• Given information

☆ ☆ ☆ ☆ ☆

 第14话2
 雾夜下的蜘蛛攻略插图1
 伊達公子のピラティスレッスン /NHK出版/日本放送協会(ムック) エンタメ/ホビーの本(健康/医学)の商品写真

☆ ☆ ☆ ☆ ☆

• Exercise brief
Give the data again. Keep every line identical.

• Your solution
 第14话2
 雾夜下的蜘蛛攻略插图1
 伊達公子のピラティスレッスン /NHK出版/日本放送協会(ムック) エンタメ/ホビーの本(健康/医学)の商品写真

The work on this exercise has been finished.